··· Records for processing
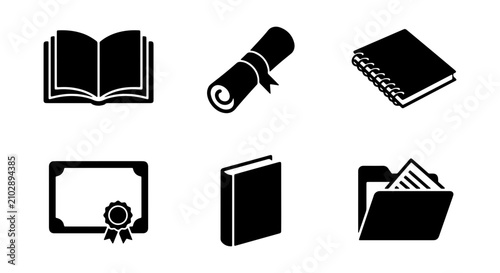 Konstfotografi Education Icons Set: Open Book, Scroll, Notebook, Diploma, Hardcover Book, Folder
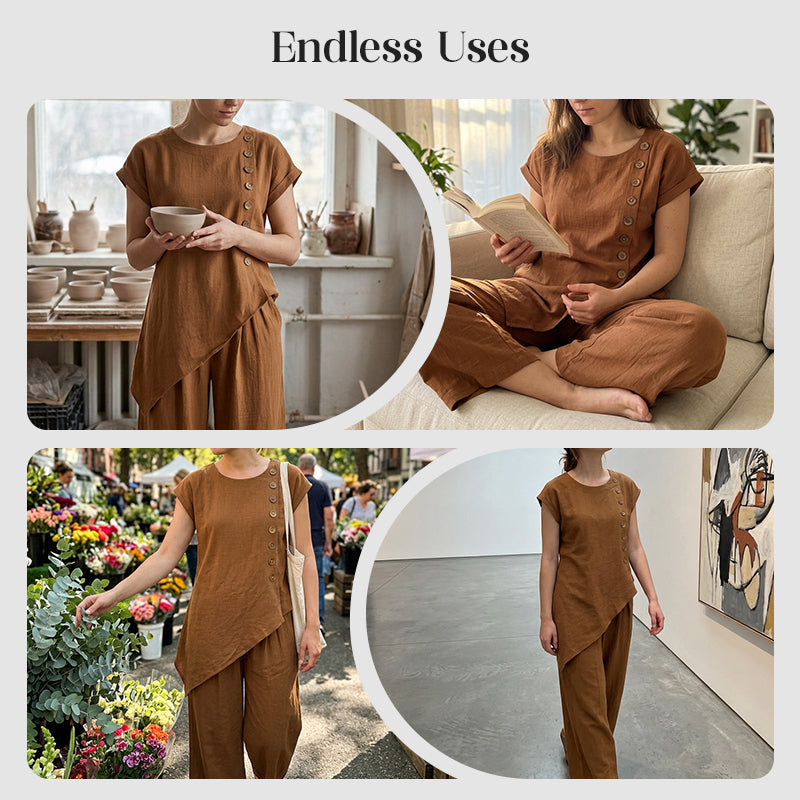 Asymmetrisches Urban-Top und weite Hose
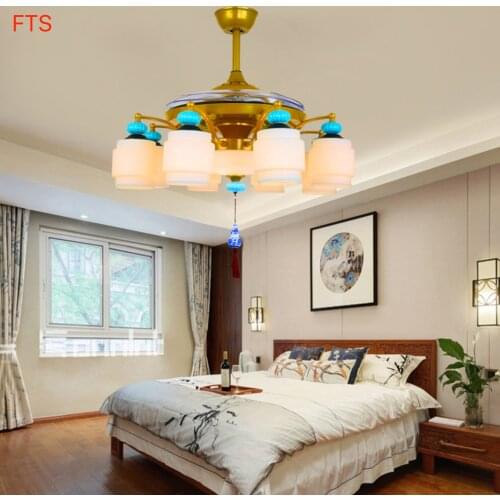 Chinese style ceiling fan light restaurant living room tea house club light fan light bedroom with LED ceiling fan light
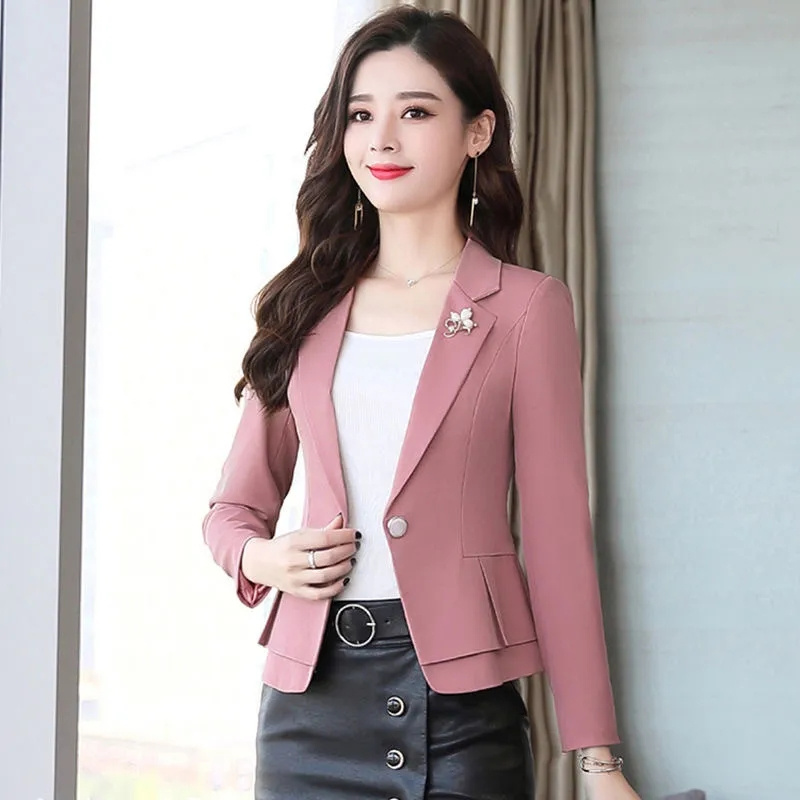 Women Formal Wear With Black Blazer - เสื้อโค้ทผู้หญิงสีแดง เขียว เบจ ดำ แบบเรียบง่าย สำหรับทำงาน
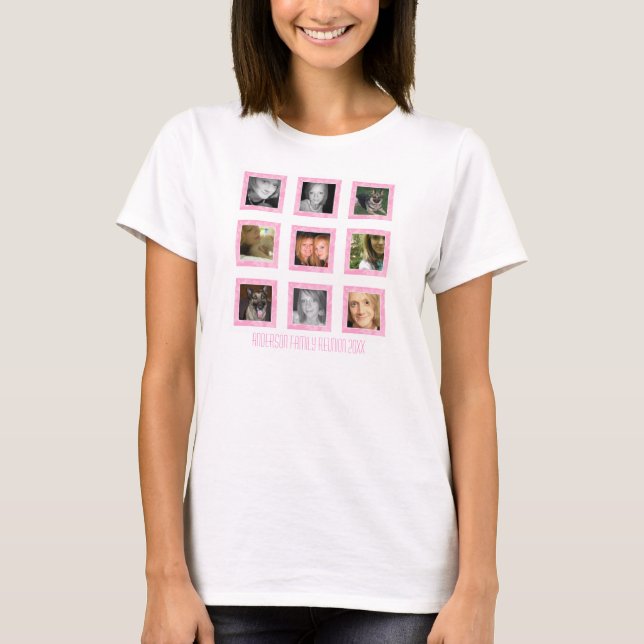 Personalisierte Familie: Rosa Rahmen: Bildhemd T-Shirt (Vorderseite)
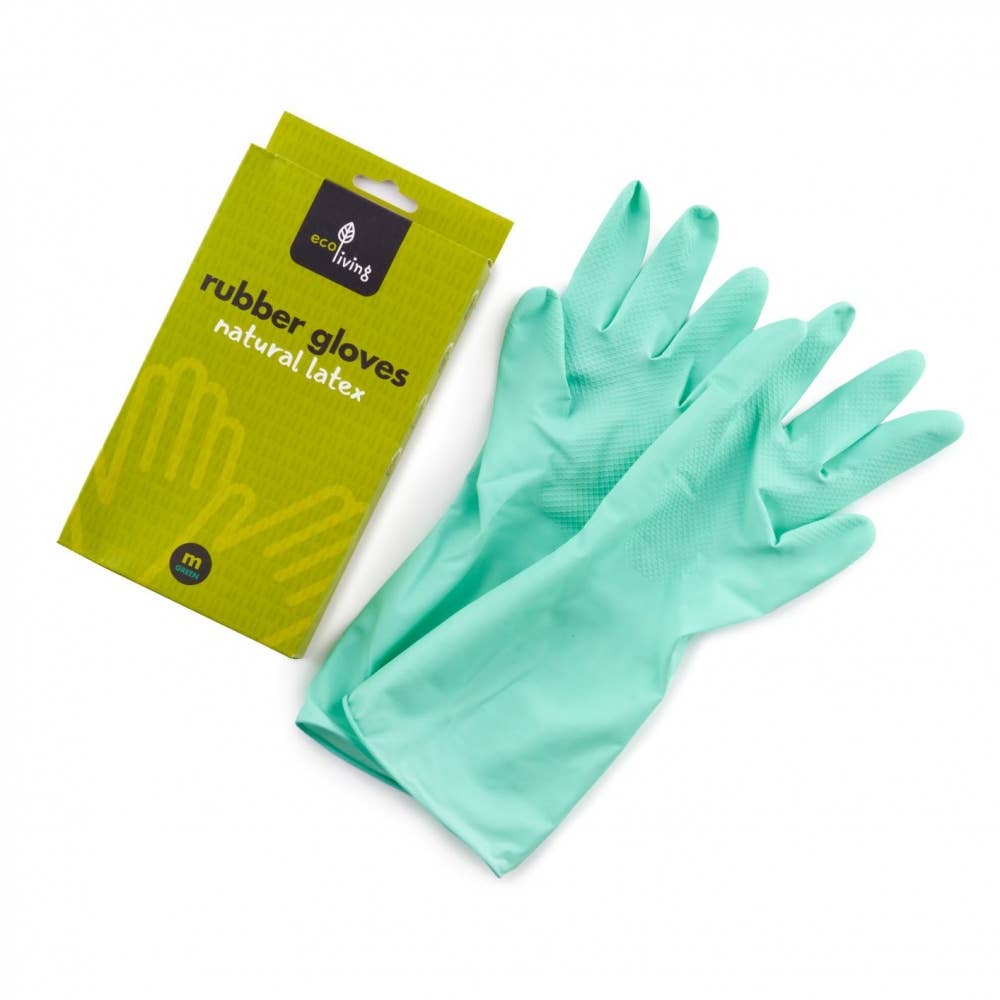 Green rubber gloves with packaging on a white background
······
_Directions_.
Beginning at the line that contains "Personalisierte Familie: Rosa", retype each line of the data above through the very last one. Do not retype the pictures.

_Task solution_.
 Personalisierte Familie: Rosa Rahmen: Bildhemd T-Shirt (Vorderseite)
 Green rubber gloves with packaging on a white background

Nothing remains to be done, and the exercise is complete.